For the record, Cllr Jeff Edmunds is leader of the Labour group on Carmarthenshire County Council, and for what it's worth, Cneifiwr thinks he is a fundamentally decent man who has landed an impossible job

__________

The Welsh blogging world is small, and nothing like this has appeared on any of them. So which blogs would those be, and what did he tell them?

Jeff has reported the matter to Dyfed Powys Police, who must be scratching their heads again.

Nats under the Bed

Cneifiwr is not a fan of Facebook, it has to be said. Too many cute kittens, pictures of babies, people bragging about their visits to the gym and marathon running, rubbish jokes and dodgy "news" sources.

Why anyone would want to hack Jeff Edmunds' account is a mystery, but here is something which has come in from one of Merched y Wawr's field intelligence operatives, codename "Bara Brith":

Friday, 24 February 2017

Jeff and Nia in happier times
6.30 Awake and pull back the curtains to another sloeblack, slow, black, crowblack day. It is raining in Llanelli.

6.45 Have a black coffee.

7.00 Switch on the radio to listen to the news. Labour has lost in Copeland. I knew it was a bad idea to send Nia up there to campaign. We had held Copeland since 1935, almost as long as we have been in power in Llanelli, but then look at everything Labour has done for Llanelli.

7.05 Switch to Radio Two. "Heaven knows I'm miserable now", warbles Morrissey.

7.10 Tegwen has sent me a picture of a noose on Facebook. What can it mean?

7.30 Two shredded wheat. The milk has gone sour.

7.45 Go to the wardrobe to pick out something to wear for the busy day ahead. Black, black, black. Yes, I think I'll wear black again today.

8.00 A sound of retching from the hall. The cat has thrown up all over the rug.

8.30 I decide to write some notes for my speech at tonight's meeting - "How dialectical materialism has shaped recent developments in Llwynhendy".

8.45 Tegwen sends me a picture of some electric chairs.

9.20 Lee Waters sends me a message to call him immediately.

9.25 "Hello Lee. How's the weather in the Vale?" I ask, innocently. "I'm not here to chat about the weather, you fool," he snaps. "Get a grip, mun, and tell me what you are going to do about this mess. That bastard Conifer, or what ever that ludicrous Welsh name is, has posted more muck."

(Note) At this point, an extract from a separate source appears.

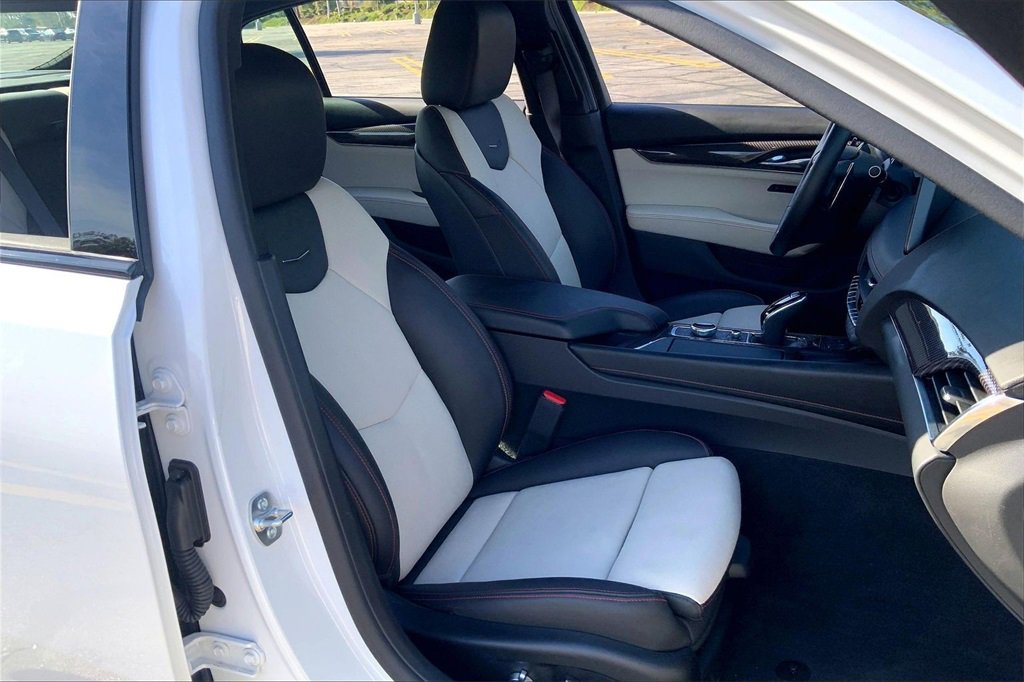 Used 2025 Cadillac CT5 Sport image 9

"I am working on it," I tell him, "and Gary Poumista Jones has a cunning plan. First we ask Dyfed Powys Police to arrest everyone who says anything negative about Labour in the village, and then we get our members to chant 'Lock her up, lock her up' every time someone says Leanne".

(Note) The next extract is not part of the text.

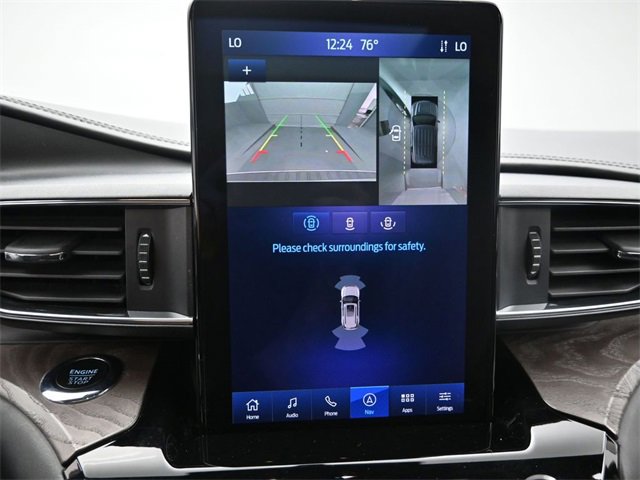 Certified 2022 Ford Explorer Platinum w/ Equipment Group 601A image 17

Lee is not happy. "Carwyn has been on the phone and I've never heard him so angry. He's blaming me, for God's sake, but I hold you responsible. Now, get on the phone to the press and tell them it's all Plaid's fault."

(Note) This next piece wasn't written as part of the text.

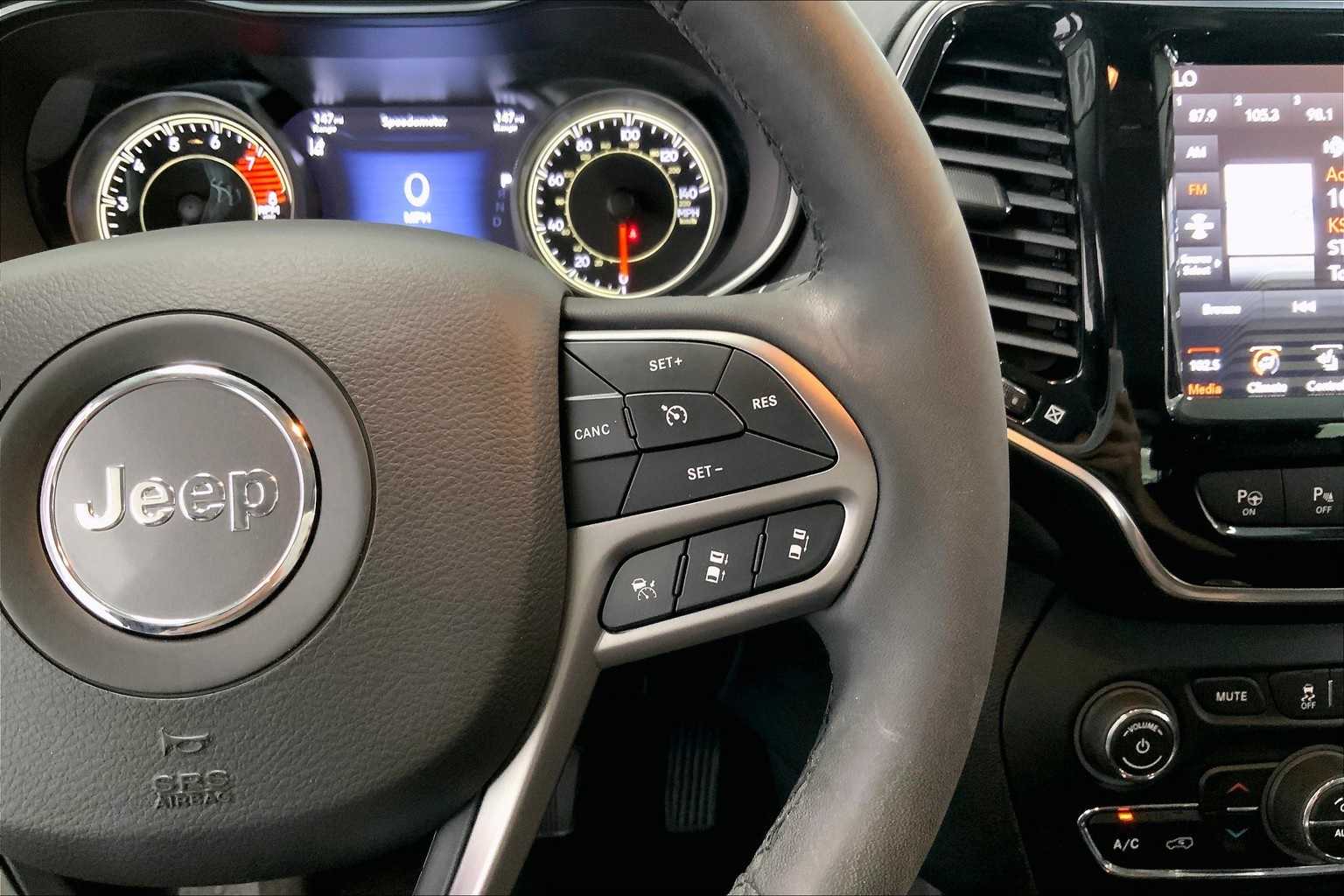 Thumbnail: 2022 Jeep Cherokee - 23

"What does Nia have to say about it?" I ask.

"I don't know", says Lee. "Nobody can get hold of her. According to her office she is addressing Vegans for Nukes in Surrey tonight. Just get a grip and sort it!"

Lee slams down the phone.

9.35 That speech is not going to write itself, and so I switch to Classic FM for some inspiration. They are playing the Death March.




10.00 Ping! It's a message from Christine Hamilton. "Hello, big boy. Neil says he thinks it all going splendidly, and he is happy to help in any way he can."

10.05 Tegwen sends me a picture of a guillotine. I can see this is going to be another one of those days. The rain intensifies.








3 comments:

Anonymous said...

Is the picture from the Lighthouse Theater, Kettering 2012 when Neil and Christine had that wonderful success in the Christmas pantomime "Cinderella?
They are so wasted as politicians!

Anonymous said...

Classic! The picture of the Hamiltons cracked me up - cheered me up no end. This has got to be one of your better efforts .. thank you for bringing a ray of sunshine to a truly dire situation.

Anonymous said...

Bues i'n chwerthin gymaint bues i jyst รข chael damwain fach! Da iawn Cneifiwr!